> _The data_:
-*-*-

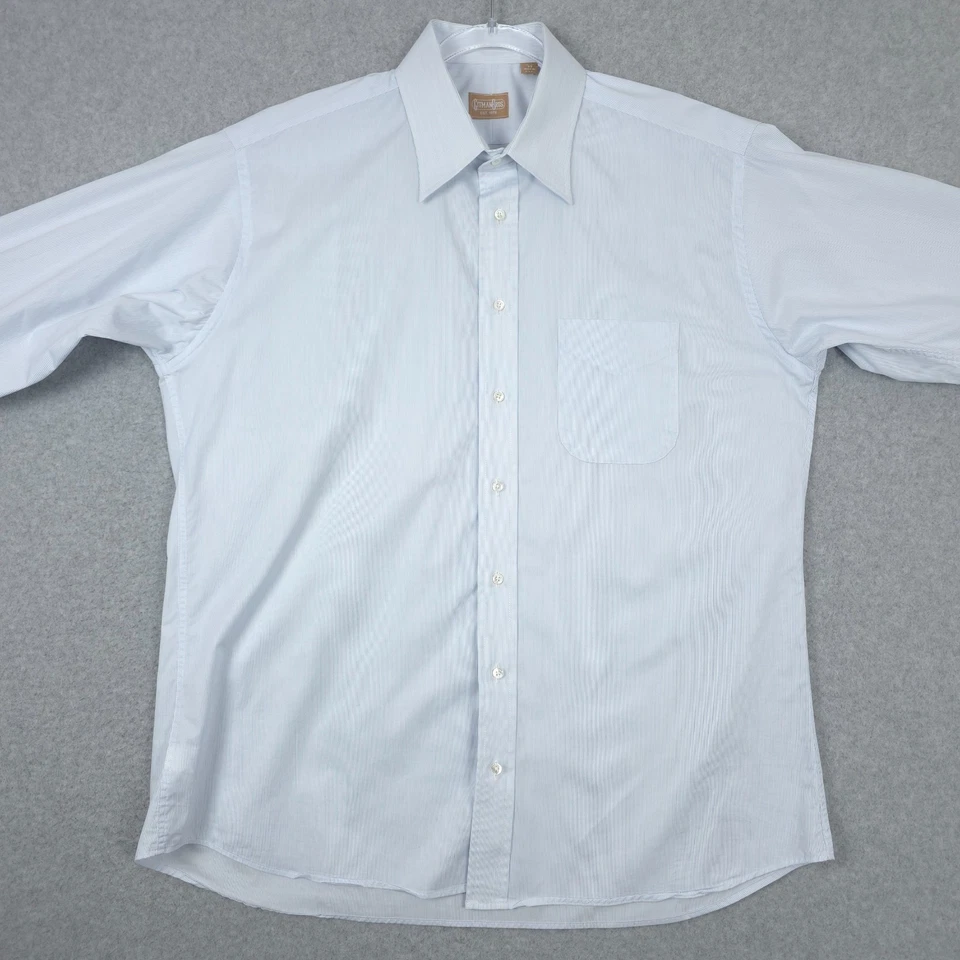 Camisa Gitman Bros Para Hombres 16.5 33 Rayas Elastizada Mezcla de Algodón Negocios Informal EE. UU. Foto 3 de 4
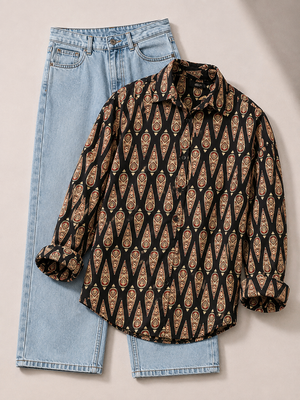 Charvi Cotton Printed Shirt — Relaxed Fit Full Sleeve Shirt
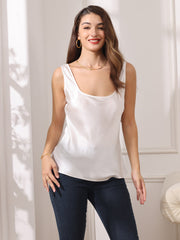 SilkSilky US Pure Silk Sleeveless U Neck Camisole Top White 001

-*-*-

> _What the task requires_: Exactly the lines from the one with "Charvi Cotton Printed" through the end of the listing above are to be repeated, with no pictures.

> _Reply to the task_:
 Charvi Cotton Printed Shirt — Relaxed Fit Full Sleeve Shirt
 SilkSilky US Pure Silk Sleeveless U Neck Camisole Top White 001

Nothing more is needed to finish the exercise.